Does model.eval() & with torch.set_grad_enabled(is_train) have the same effect for grad history?


(Sebastian Raschka) #1

For the sake of the example, let’s say I don’t use Dropout, BatchNorm etc, just a plain CNN.

According to the docs (in PyTorch 0.4),

with torch.set_grad_enabled(is_train)

prevents tracking via autograd, which would make the inference mode more efficient (I assume). Now, if I would use model.eval(), would this have the same effect. E.g., does the following track gradients after model.eval()

model = CNN()
for e in num_epochs:
    # do training

# evaluate model:
model = model.eval()
logits, probas = model(testset_features)

or is it recommended, in addition, to do the following:

model = CNN()
for e in num_epochs:
    # do training

# evaluate model:
model = model.eval()
with torch.set_grad_enabled(False):
    logits, probas = model(testset_features)

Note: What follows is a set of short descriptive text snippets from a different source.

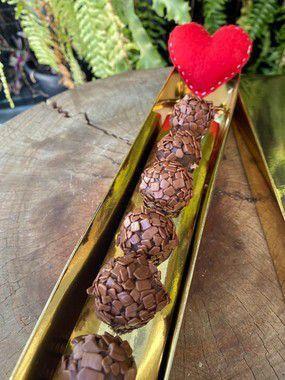 Imagem de Caixa Botão de Rosa com Brigadeiro Ouro Texturizado 5 un. Assk Rizzo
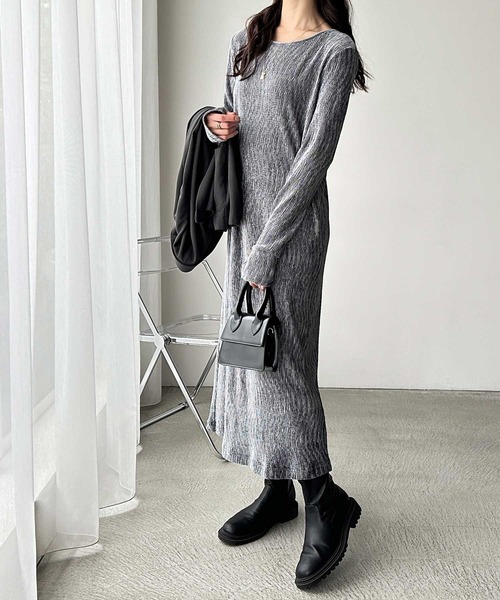 GeeRA(ジーラ)の「ベロアプリーツロングワンピース(ワンピース・レディース・グレー/ブラック・MEDIUM/LARGE/X-LARGE)」の10枚目の写真
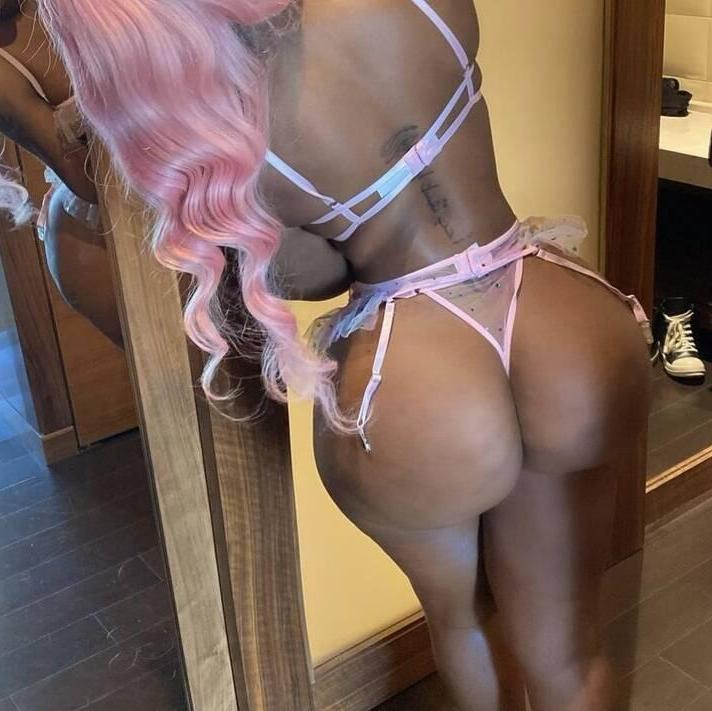 
                        skye
                     is Female Escorts. | Montreal | Quebec | Canada | canadapleasure.com 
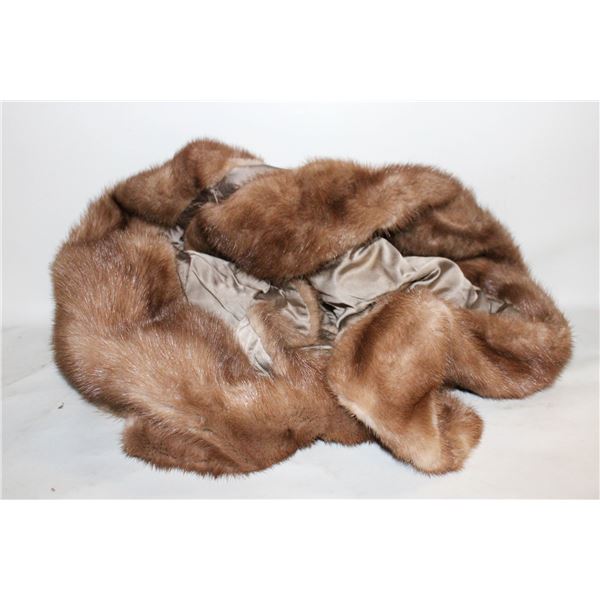 ESTATE VINTAGE MEEKLING FURS MINK STOLE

Different gradients under the same condition when generating adversarial examples
(Irfan Bulu) #2

I think it is the latter. model.eval() has effect on dropout, batchnorm etc. You can use model.eval() in combination with with torch.no_grad() during inference phase.

from the docs:
Disabling gradient calculation is useful for inference, when you are sure that you will not call Tensor.backward(). It will reduce memory consumption for computations that would otherwise have requires_grad=True. In this mode, the result of every computation will have requires_grad=False, even when the inputs have requires_grad=True.


(Simon Wang) #3

eval doesn’t turn off history tracking.


(Sebastian Raschka) #4

thanks @Irfan_Bulu and @SimonW


(Shihab Shahriar) #5

I also assumed that eval() mode automatically turns off gradient computation. Hopefully you can see why this might be confusing for us newcomers. I would request to emphasize this point in docs at nn.Module’s eval() function. Actually apart from FAQ, an article pointing out common mistakes and confusions would be great. Thanks.